[Input data — start]

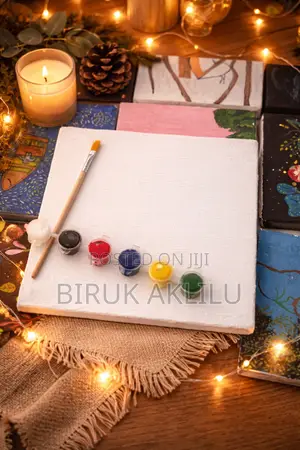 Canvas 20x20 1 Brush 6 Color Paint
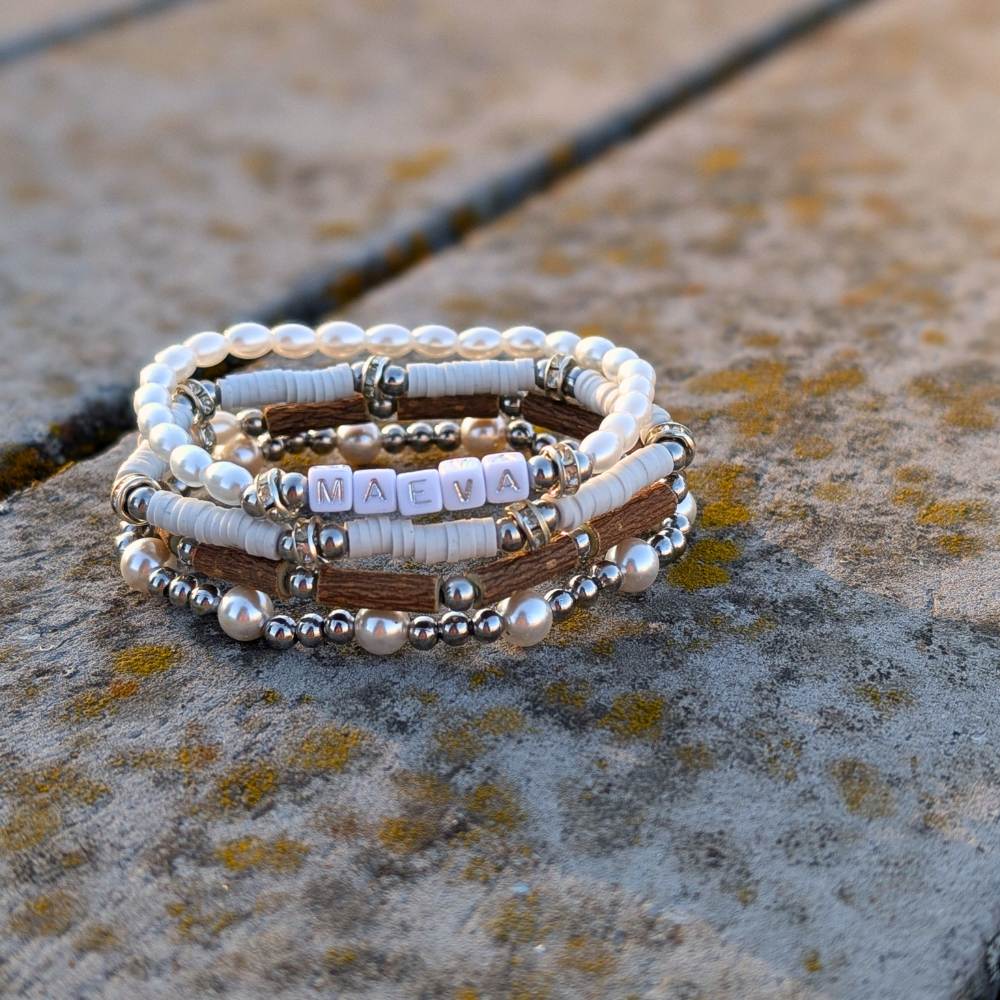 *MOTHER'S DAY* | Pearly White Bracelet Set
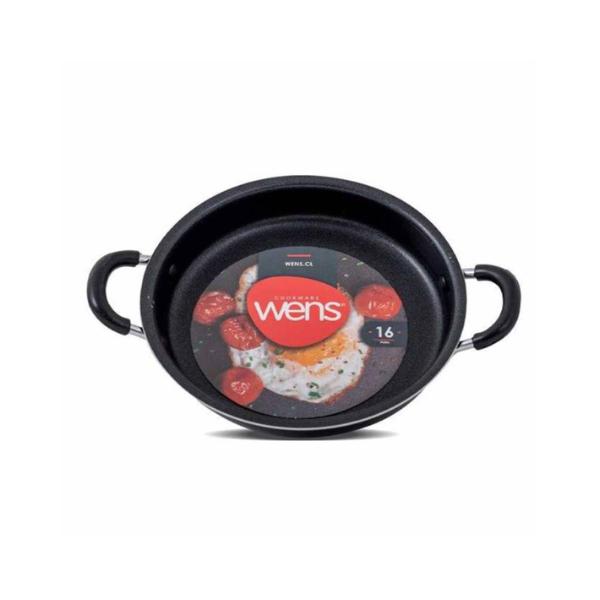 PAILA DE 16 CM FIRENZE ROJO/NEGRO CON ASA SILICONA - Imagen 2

[Input data — finish]

*Your goal*
Could the material above be written out again word for word, with the pictures dropped?

*Completed task*
 Canvas 20x20 1 Brush 6 Color Paint
 *MOTHER'S DAY* | Pearly White Bracelet Set
 PAILA DE 16 CM FIRENZE ROJO/NEGRO CON ASA SILICONA - Imagen 2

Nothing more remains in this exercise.